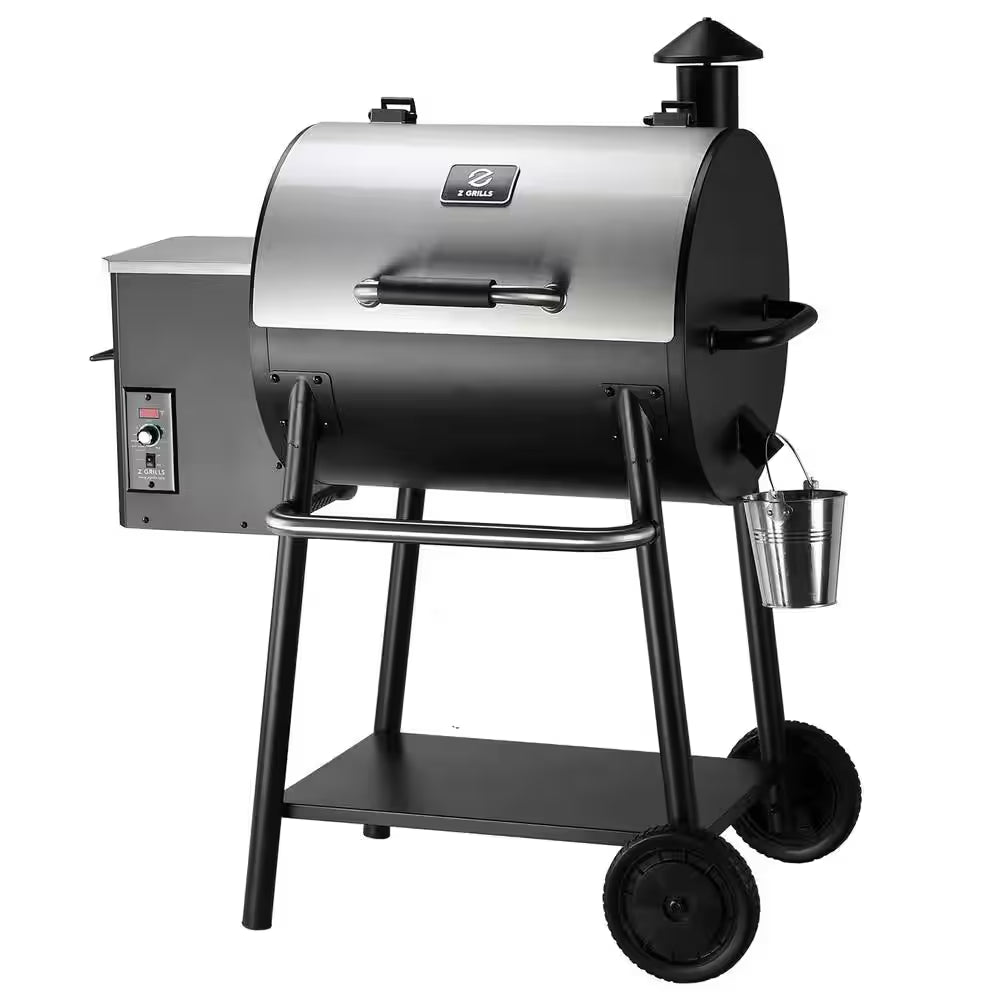 585 Sq. In. Pellet Grill in Silver with Stainless Steel Lid and Grease Bucket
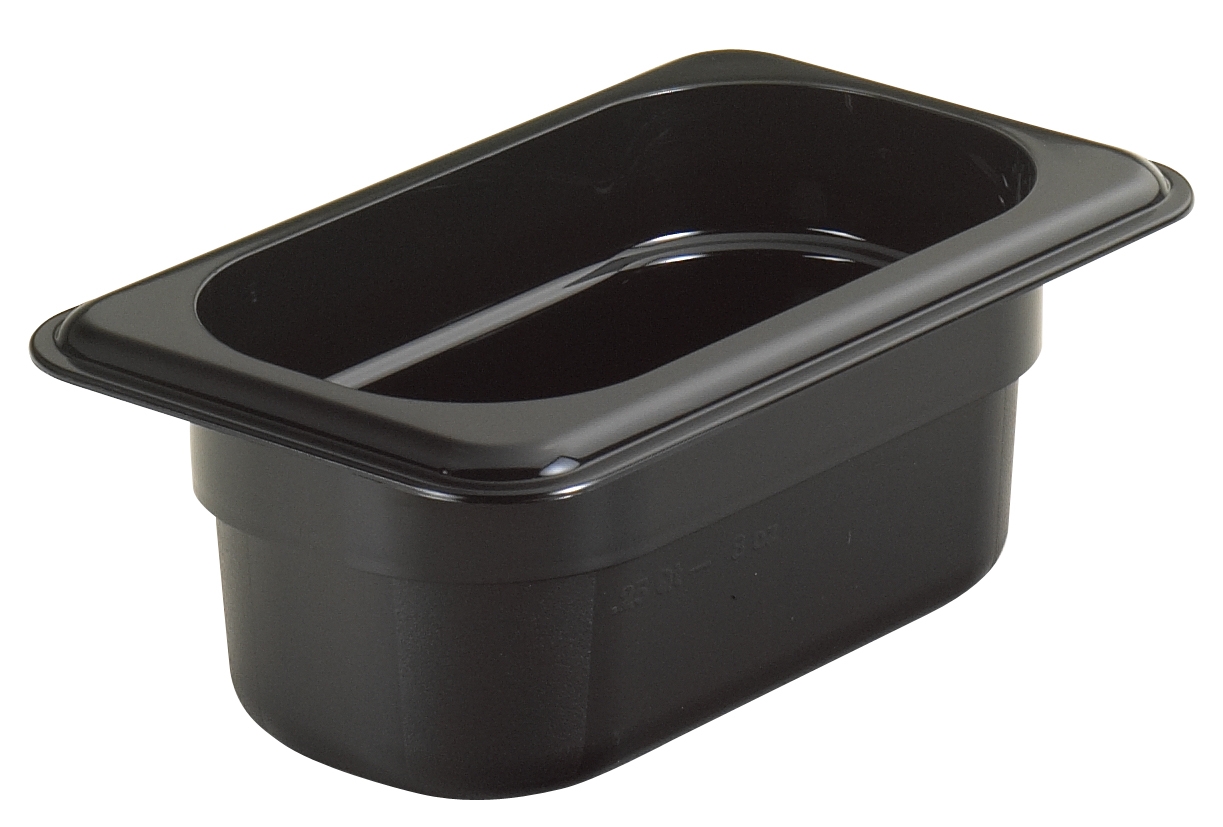 Cambro One Ninth Size Plastic Food Pan, Black, 2 inch -- 6 per case
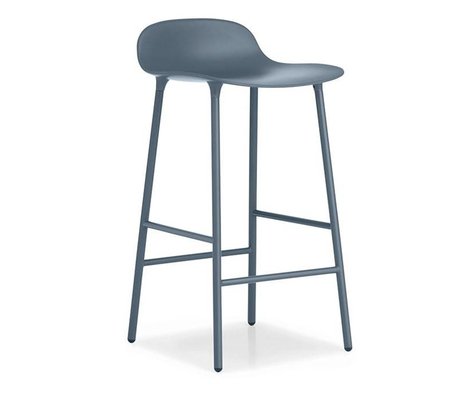 Normann Copenhagen Bar chair shape blue plastic steel 44x44x87cm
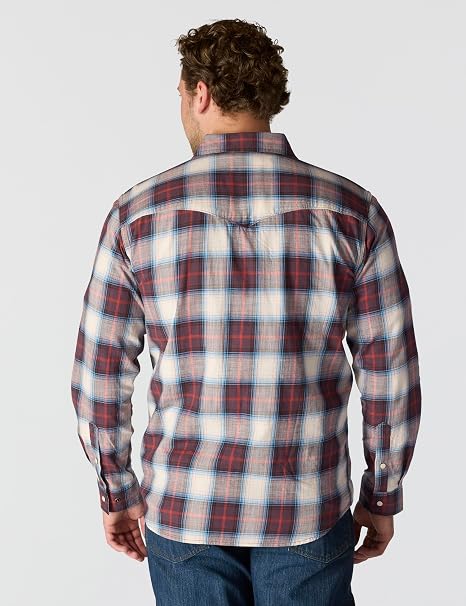 CARHARTT MONTANA RUGGED FLEX RLX-FT LW L/S SNAP-FRONT PLAID  SHIRT - DARK SEPIA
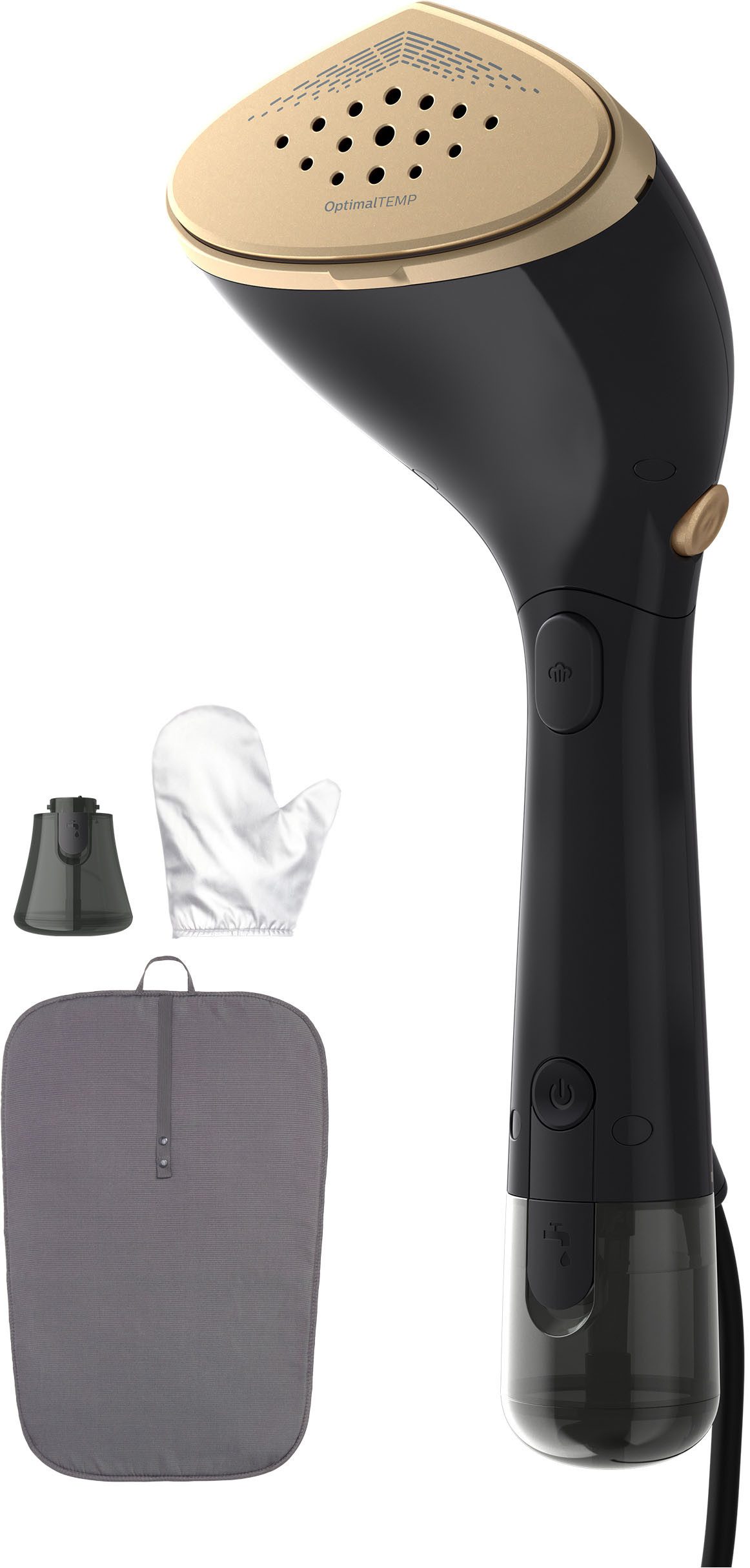 Philips Dampfbürste STH7060/80 "Performer", 100 ml und 200 ml Wassertank, Metallplatte, 1500 W, verstellbarer Kopf, Handschuh und Stylemat inkl.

□ □ □ □

• **Work instruction**
Nothing but the lines from the line with "Cambro One Ninth" through the last line of the data above should be printed, exactly as written and without pictures.

• **Solution for this task**
 Cambro One Ninth Size Plastic Food Pan, Black, 2 inch -- 6 per case
 Normann Copenhagen Bar chair shape blue plastic steel 44x44x87cm
 CARHARTT MONTANA RUGGED FLEX RLX-FT LW L/S SNAP-FRONT PLAID  SHIRT - DARK SEPIA
 Philips Dampfbürste STH7060/80 "Performer", 100 ml und 200 ml Wassertank, Metallplatte, 1500 W, verstellbarer Kopf, Handschuh und Stylemat inkl.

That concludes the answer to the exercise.